Wednesday, December 10th, 2008

In the spirit of the early years of the Pearl Jam Xmas Single, here are some tangentially on-topic thoughts not big enough for their own posts:

  • I’ve been having recurring dreams (and/or daydreams) where M. Ward and Zooey Deschanel (aka She & Him) cover “Start Choppin’” by Dinosaur Jr., trading verses in an acoustic duet.  Sounds fabulous too, with M. nailing the high pitched “goodbye” parts and the whole thing feeling very much like “Sometimes Always” or “Do You Love Me Now Jr.?
  • Time Magazine called “The Constant” from Season 4 of LOST the single best television episode of 2008.  And with its brilliant use of time travel I think the episode will eventually turn my trinity (Replay, Quantum Leap, Back To The Future) into a quartet.
  • The original Back To The Future is being re-released as a double disc DVD in February.  Footage from “Back To The Future: The Ride” that was recently closed down will be included as a bonus feature.  This was on the wishlist when the original DVDs of the trilogy came out a few years ago.  Now only the Eric Stoltz as Marty footage eludes us…
  • I’m in the middle of reading Slaughterhouse-Five for the first time and was pleasantly surprised to come across the line: “Billy blinked in 1965, traveled in time to 1958.”  Perhaps that’s where my future self got the phrasing.  So it goes…

A Red Letter Date

Wednesday, November 5th, 2008

I just realized the significance of today’s date.

November 5, 1955

November 5, 1955

53 years ago, Dr. Emmett Brown invented the flux capicitor — which is what makes time travel possible.

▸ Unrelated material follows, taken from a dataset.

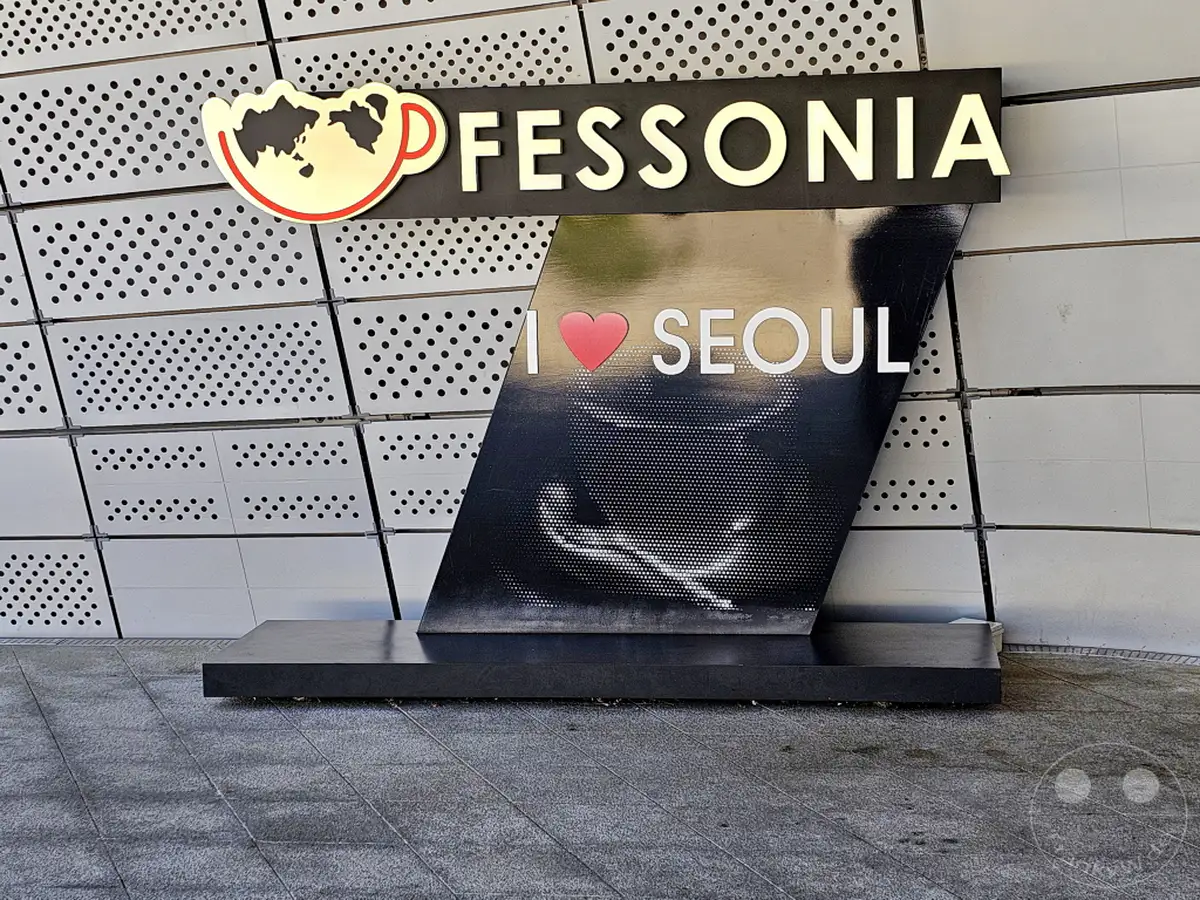 Am Dongdaemun Design Plaza (DDP) in Seoul, Südkorea, prangt die leuchtende Aufschrift "I SEOUL U" über einem stilisierten Herz. Das moderne Wahrzeichen mit seiner futuristischen Architektur bildet einen markanten Kontrast zur umgebenden urbanen Landschaft. Die Beleuchtung des Schriftzugs fängt das Licht ein und schafft eine einladende Atmosphäre in der pulsierenden Metropole.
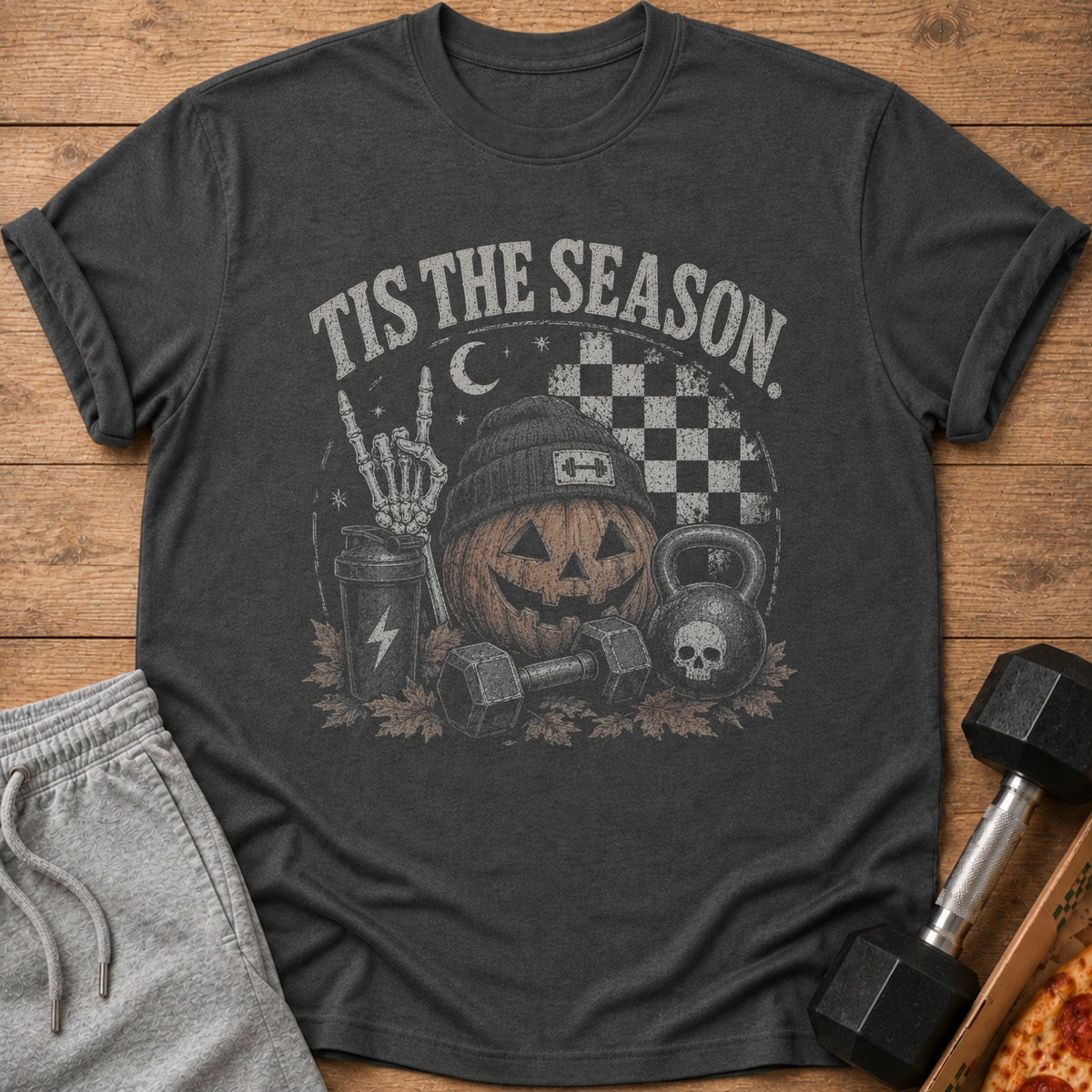Dark grey t-shirt with a vintage graphic of a pumpkin, weights, and skeleton hand.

More recently, in September of 1995 Carter USM released what would become their final single: Born On The 5th November.

Coincidence? Well, probably…

(Special thanks to this site where I found the image of the DeLorean Time Circuits. Check it out for a detailed analysis of some production inconsistencies in the BTTF movies brilliantly titled: “What the Flux?“)

Remember remember the 5th of November!


The Story Behind The Story

Thursday, October 16th, 2008

As I’ve said before, I’m a better writer than I am a marketer.  That’s not to say I’m necessarily a brilliant writer, just that one skill outshines the other.

On the Timely Persuasion website, I periodically play around with “The Story” section at the top in an attempt to get the best mix of marketing bang plus factual synopsis.  At one point a few months ago I had a late night inspiration and tried a long, rambly, semi in-character and semi as-author version.  Days later I took it down and revised in a simpler direction.

In the interest of a complete permanent record, here’s that longer aborted version:

One early reviewer hit the nail on the head when they said the story of Timely Persuasion has “a premise that is very difficult to summarize in a review.”  That said, I’ll give it a shot below:

Timely Persuasion follows an anonymous music critic on a quest to save his sister from the relationship that ended her life. After a chance encounter at a bowling alley leaves him with the ability to travel in time, our hero uses his musical knowledge to “blink” through the years attempting to keep the couple apart by any means necessary. But is her husband Nelson really to blame?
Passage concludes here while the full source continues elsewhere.